41Du point de vue de l’architecture de la pièce, mythe, fiction et histoire familiale s’entrecroisent et s’entremêlent, avec une porosité entre ces différents univers. Par ailleurs, à travers des dialogues entre ELLE (l’auteure) et LUI, il y a un jeu très astucieux entre différents niveaux de narration, l’auteure partageant ses réflexions, ses interrogations sur la manière dont elle met en scène les personnages de fiction, expérimentant aussi la reprise de scènes avec échange des rôles de l’homme et de la femme. C’est ainsi qu’est enfreinte la règle selon laquelle l’auteur de théâtre, à la différence du romancier, ne peut intervenir dans les dialogues, ne peut partager son point de vue de narrateur.
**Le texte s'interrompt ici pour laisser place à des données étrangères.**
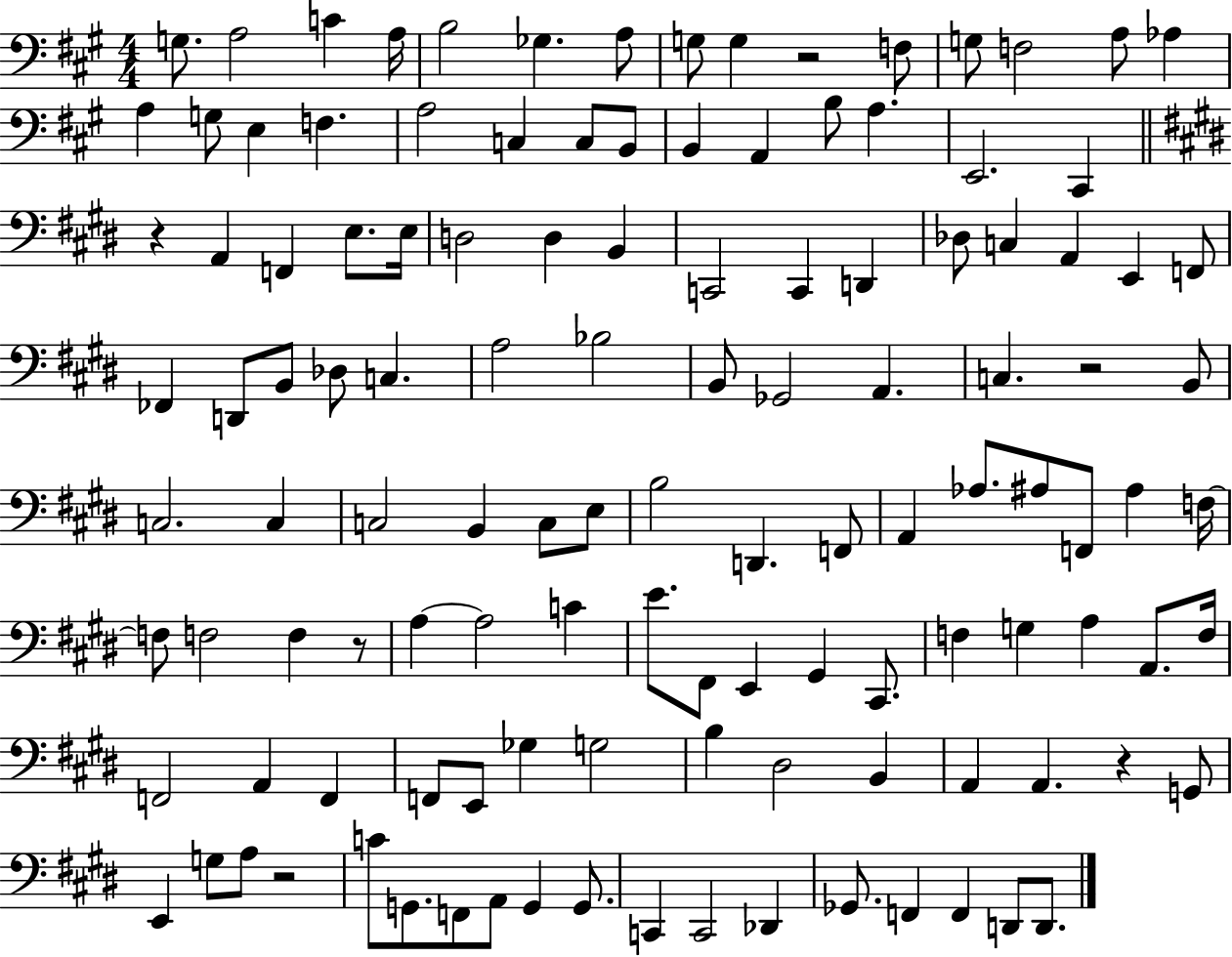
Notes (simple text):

G3/e. A3/h C4/q A3/s B3/h Gb3/q. A3/e G3/e G3/q R/h F3/e G3/e F3/h A3/e Ab3/q A3/q G3/e E3/q F3/q. A3/h C3/q C3/e B2/e B2/q A2/q B3/e A3/q. E2/h. C#2/q R/q A2/q F2/q E3/e. E3/s D3/h D3/q B2/q C2/h C2/q D2/q Db3/e C3/q A2/q E2/q F2/e FES2/q D2/e B2/e Db3/e C3/q. A3/h Bb3/h B2/e Gb2/h A2/q. C3/q. R/h B2/e C3/h. C3/q C3/h B2/q C3/e E3/e B3/h D2/q. F2/e A2/q Ab3/e. A#3/e F2/e A#3/q F3/s F3/e F3/h F3/q R/e A3/q A3/h C4/q E4/e. F#2/e E2/q G#2/q C#2/e. F3/q G3/q A3/q A2/e. F3/s F2/h A2/q F2/q F2/e E2/e Gb3/q G3/h B3/q D#3/h B2/q A2/q A2/q. R/q G2/e E2/q G3/e A3/e R/h C4/e G2/e. F2/e A2/e G2/q G2/e. C2/q C2/h Db2/q Gb2/e. F2/q F2/q D2/e D2/e.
Les réflexions de l’auteure‑narratrice portent en particulier sur le personnage central de Duckling, qui ne subit pas … incarne le désir de concevoir la relation du couple autrement, appuyée sur un fragile équilibre de vivre simultanément plusieurs vies : amoureuse, familiale et professionnelle.

En guise de conclusion…

42Même si les pièces ici commentées de dramaturges belges ou exerçant en Belgique sont très différentes sur beaucoup de points, il y a tout de même des traits fédérateurs. En premier lieu, il y a un fort ancrage sociétal, qui peut fonctionner soit comme arrière‑plan (comme dans les pièces de Vandalem) ou être la thématique même de la pièce (Pâque, Carcaud, Damas). La problématique sociétale n’est jamais exposée d’une manière moralisante, mais plutôt comme un sujet de réflexion. En second lieu, toutes les pièces évoquent un univers où se croisent réalité, mythe et fiction, avec parfois également un mélange entre différents plans temporels : les souvenirs et les fantômes du passés s’immiscent dans le présent du personnage, et le futur se profile dès maintenant. Il est vrai que dans ce pays de Magritte, le surréalisme n’a pas été un courant artistique passager, mais le goût du rêve et du fantastique semble une caractéristique pérenne de la production littéraire.